Un rapport commandé à la spécialiste en urbanisme Florence Junca-Adenot, publié en mai 2019, est arrivé à la conclusion que diverses mesures devraient être mises de l’avant (le prolongement de la branche ouest de la ligne orange du métro jusqu’à la gare Bois-Franc pour une connexion avec le Réseau express métropolitain (REM), ainsi que le prolongement du boulevard Cavendish vers l’avenue Royalmount et la rue Jean-Talon) pour améliorer l’éternel problème de la jonction 15-40.

Il est intéressant de noter que cette importante réflexion devra également se faire lorsqu’on lancera le projet de lotissement des terrains de l’ancien hippodrome Blue Bonnets, situés à un jet de pierre du site de Royalmount.

En attendant que les instances reviennent avec des solutions, les concepteurs de Royalmount s’engagent à ajouter deux voies sur le chemin Côte-de-Liesse en utilisant une portion du terrain qui leur appartient. Les coûts sont évalués à 25 millions de dollars.

Moins d’œillères

Après avoir entendu un nombre incalculable d’intervenants et leurs points de vue, les promoteurs de Royalmount continuent de rencontrer des obstacles. Le dernier en date concerne l’un des voisins du site de Royalmount, la société Dollarama, qui y possède son centre de distribution.

Dollarama a fait appel à la firme de relations publiques Navigator pour mener un sondage auprès des résidants de Mont-Royal. Certaines questions, comportant des faits affolants (exemple : donnez votre appréciation sur le fait que durant la construction des tours résidentielles, des centaines de camions circuleront 24 h sur 24), ont donné des résultats qui, sans surprise, convergent vers une demande de référendum auprès des citoyens de Mont-Royal.

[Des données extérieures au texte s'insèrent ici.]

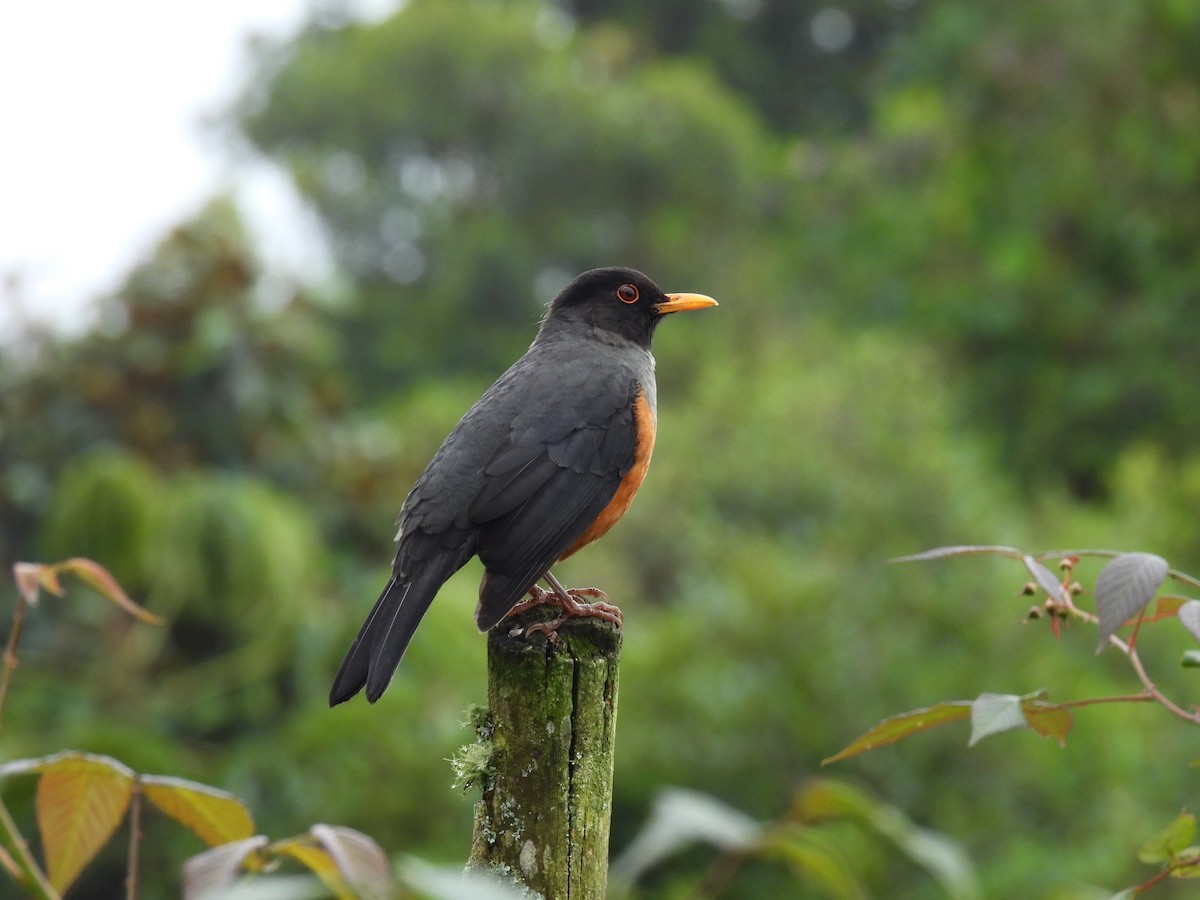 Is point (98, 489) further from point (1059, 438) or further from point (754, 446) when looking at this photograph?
point (1059, 438)

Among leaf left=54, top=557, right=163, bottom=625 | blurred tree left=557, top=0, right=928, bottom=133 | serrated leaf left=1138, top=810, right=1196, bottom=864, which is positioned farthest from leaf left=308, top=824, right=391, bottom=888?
blurred tree left=557, top=0, right=928, bottom=133

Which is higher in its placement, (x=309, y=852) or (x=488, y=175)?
(x=488, y=175)

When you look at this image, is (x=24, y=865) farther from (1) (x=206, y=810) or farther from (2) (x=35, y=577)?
(2) (x=35, y=577)

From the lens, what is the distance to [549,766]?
2510 millimetres

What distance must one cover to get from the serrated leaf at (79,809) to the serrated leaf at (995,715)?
3.45ft

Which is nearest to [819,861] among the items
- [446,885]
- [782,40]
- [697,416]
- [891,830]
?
[891,830]

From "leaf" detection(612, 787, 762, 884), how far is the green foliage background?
2.94 feet

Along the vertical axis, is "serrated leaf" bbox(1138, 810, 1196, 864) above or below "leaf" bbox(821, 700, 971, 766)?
below

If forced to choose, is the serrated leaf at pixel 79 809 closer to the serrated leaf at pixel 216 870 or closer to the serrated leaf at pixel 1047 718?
the serrated leaf at pixel 216 870

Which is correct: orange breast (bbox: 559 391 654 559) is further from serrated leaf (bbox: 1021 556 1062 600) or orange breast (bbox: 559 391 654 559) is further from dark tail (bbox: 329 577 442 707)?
serrated leaf (bbox: 1021 556 1062 600)

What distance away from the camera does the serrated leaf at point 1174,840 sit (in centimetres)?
181

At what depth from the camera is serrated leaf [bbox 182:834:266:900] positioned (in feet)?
4.66

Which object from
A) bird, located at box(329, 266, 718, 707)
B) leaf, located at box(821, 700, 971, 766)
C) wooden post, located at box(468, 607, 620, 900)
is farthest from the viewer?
bird, located at box(329, 266, 718, 707)

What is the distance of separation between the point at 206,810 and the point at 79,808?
15 cm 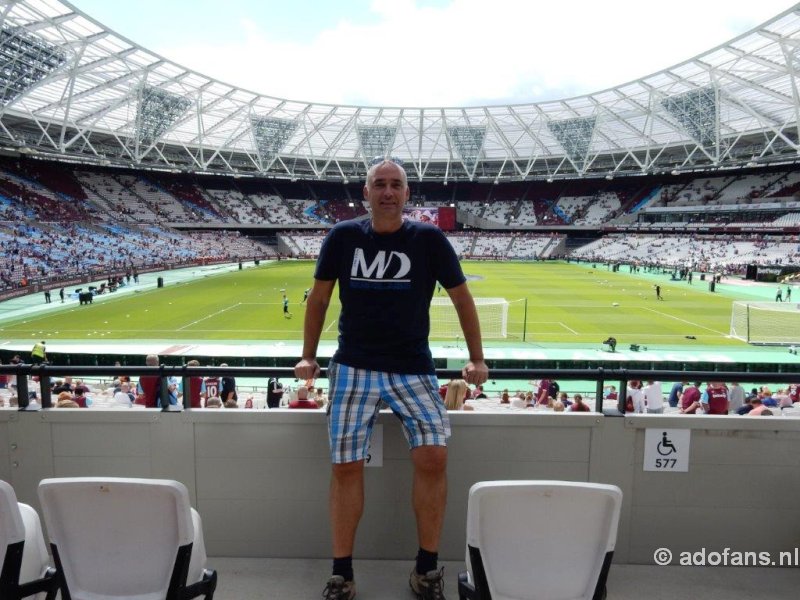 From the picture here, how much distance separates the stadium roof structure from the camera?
41656mm

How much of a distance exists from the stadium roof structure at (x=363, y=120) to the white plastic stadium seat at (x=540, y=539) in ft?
143

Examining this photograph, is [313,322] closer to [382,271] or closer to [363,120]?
[382,271]

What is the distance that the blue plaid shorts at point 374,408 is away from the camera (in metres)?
2.83

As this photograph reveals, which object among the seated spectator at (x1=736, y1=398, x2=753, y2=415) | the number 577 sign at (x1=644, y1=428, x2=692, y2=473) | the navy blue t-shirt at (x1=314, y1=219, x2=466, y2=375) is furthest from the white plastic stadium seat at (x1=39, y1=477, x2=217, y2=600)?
the seated spectator at (x1=736, y1=398, x2=753, y2=415)

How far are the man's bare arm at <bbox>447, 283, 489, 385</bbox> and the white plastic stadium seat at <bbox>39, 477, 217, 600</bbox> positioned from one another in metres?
1.55

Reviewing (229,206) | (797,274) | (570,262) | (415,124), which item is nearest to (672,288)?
(797,274)

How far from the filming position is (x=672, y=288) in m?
39.2

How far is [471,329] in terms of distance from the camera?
2.99 m

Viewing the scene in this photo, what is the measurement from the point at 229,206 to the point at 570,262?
Answer: 4840cm

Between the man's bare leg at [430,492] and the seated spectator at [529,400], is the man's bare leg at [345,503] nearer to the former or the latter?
the man's bare leg at [430,492]

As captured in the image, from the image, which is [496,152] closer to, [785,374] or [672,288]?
[672,288]

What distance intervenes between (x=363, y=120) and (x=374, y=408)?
240 ft

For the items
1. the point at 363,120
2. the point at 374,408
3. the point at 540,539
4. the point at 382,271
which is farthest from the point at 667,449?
the point at 363,120

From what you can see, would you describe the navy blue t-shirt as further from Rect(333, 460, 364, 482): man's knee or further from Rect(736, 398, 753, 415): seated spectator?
Rect(736, 398, 753, 415): seated spectator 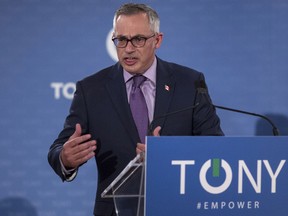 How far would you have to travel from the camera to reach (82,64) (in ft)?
10.5

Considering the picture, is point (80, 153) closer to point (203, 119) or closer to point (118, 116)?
point (118, 116)

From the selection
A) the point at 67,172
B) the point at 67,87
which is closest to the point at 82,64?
the point at 67,87

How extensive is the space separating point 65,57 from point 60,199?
81cm

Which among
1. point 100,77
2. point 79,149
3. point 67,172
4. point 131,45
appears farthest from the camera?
point 100,77

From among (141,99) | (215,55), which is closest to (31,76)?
(215,55)

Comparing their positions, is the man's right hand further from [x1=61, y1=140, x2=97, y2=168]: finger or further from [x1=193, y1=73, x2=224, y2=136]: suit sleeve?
[x1=193, y1=73, x2=224, y2=136]: suit sleeve

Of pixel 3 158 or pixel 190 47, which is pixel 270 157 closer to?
pixel 190 47

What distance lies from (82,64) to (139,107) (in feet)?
3.94

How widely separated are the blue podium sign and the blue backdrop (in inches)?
69.7

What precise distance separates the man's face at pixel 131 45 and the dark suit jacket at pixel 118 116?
0.08m

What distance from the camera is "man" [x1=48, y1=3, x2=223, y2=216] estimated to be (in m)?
2.03

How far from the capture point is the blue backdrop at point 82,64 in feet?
10.5

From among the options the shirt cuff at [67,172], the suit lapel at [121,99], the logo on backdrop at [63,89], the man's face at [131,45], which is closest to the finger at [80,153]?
the shirt cuff at [67,172]

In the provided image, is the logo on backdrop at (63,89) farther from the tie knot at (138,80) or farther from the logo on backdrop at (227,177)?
the logo on backdrop at (227,177)
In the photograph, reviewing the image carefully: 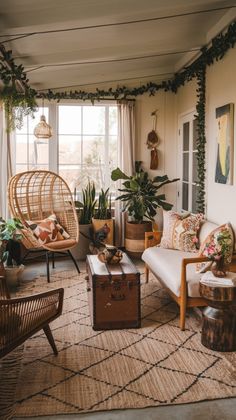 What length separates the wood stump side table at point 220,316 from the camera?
9.87ft

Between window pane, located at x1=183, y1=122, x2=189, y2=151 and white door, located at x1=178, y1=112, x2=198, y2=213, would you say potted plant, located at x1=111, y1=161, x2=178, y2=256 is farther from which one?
window pane, located at x1=183, y1=122, x2=189, y2=151

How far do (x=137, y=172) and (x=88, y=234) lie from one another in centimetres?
125

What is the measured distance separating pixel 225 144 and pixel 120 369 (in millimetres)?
2467

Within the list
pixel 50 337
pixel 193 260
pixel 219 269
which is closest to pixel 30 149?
pixel 193 260

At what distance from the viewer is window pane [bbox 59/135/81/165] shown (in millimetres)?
6465

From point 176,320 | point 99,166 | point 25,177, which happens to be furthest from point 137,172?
point 176,320

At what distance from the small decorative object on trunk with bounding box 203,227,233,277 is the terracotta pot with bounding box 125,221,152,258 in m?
2.22

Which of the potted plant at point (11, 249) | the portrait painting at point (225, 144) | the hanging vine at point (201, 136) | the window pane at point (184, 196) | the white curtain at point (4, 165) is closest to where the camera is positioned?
the portrait painting at point (225, 144)

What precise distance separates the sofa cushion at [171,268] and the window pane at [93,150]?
2.37 metres

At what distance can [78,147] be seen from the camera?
21.3ft

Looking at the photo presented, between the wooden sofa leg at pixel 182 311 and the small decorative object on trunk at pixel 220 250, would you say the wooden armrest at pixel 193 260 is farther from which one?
the wooden sofa leg at pixel 182 311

S’il fallait consulter les résidants au sujet de la présence des camions et des grues pour chaque projet immobilier, il n’y a pas grand-chose qui se ferait.

J’ai tenté de savoir quelle était la motivation de la famille Rossy, propriétaire des terrains et des bâtiments de Dollarama, dont certains membres sont également résidants de Mont-Royal. Chez Navigator, on m’a expliqué que la famille Rossy a simplement voulu savoir si les Monterois connaissaient bien le projet. « L’intention personnelle de la famille, je ne la connais pas », m’a dit André Turcotte, responsable du sondage.

Le maire de Mont-Royal, Philippe Roy, n’a pas tellement envie de se mêler de ce dossier. Il a annoncé qu’il ne briguerait pas un nouveau mandat. Il laisse donc à la personne qui sera élue le 7 novembre prochain le soin de trancher sur la question du dézonage.

Claude Marcotte continue de défendre son projet en affirmant que cela serait un outil contre l’étalement urbain dont souffre Montréal. « Non seulement ça permettrait de garder des ménages ici, mais aussi de retourner chaque année environ 47 millions de dollars en revenus de taxes foncières, taxe de mutation et taxe scolaire. Le secteur commercial va rapporter 84 millions de dollars. Je précise que 60 % de ce montant ira à l’agglomération. »

Je ne suis pas en train de dire que Royalmount est la perfection même. Comme tous les autres projets immobiliers, il a ses forces et ses lacunes. Et jamais il ne pourra faire l’unanimité. Je suis en train de dire que les concepteurs de Royalmount ont fait preuve d’écoute et qu’ils arrivent avec un concept qui mérite plus d’écoute. Et moins d’œillères.